The study demonstrated that IVUS identified significant lesions in 26.3% of patients not initially detected by venography and resulted in a change in treatment plan for 57/100 patients.6 These data clearly illustrate what IVUS provides – increased vessel definition when assessing for treatable iliofemoral vein stenoses.

Montminy, et al., presented a retrospective study of 155 limbs with chronic iliac vein occlusion treated with IVUS-assisted stenting between 2013 and 2015.

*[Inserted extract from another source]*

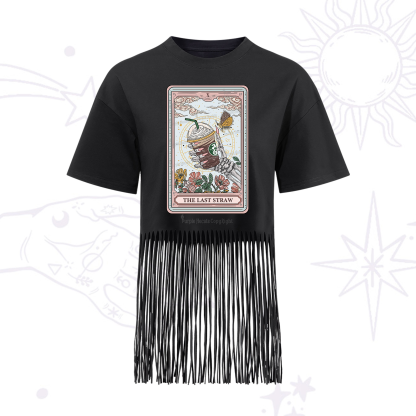 Purplehecate The Last Straw Tarot Fringe Hem T-Shirt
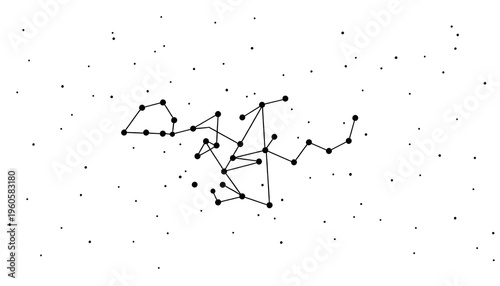 A minimalist illustration of a constellation pattern in the night sky with stars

The study found that venography was inferior to IVUS in delineating the degree of stenosis, location of stenosis and optimal proximal and distal landing zones for venous stents.4 This is of particular significance as inappropriate identification of landing zones and stent malposition can lead to a need for reintervention.7

In addition to aiding procedural success, there are data to suggest that IVUS may have a predictive role in determining symptom response to interventions. Gagne, et al., presented data from the VIDIO trial that demonstrated IVUS-derived measurements of baseline stenosis and stenotic change after intervention had significant utility in predicting postprocedural clinical improvement in symptoms, while venographic measurements did not.8

In addition to aiding procedural success, there are data to suggest that IVUS may have a predictive role in determining symptom response to interventions. 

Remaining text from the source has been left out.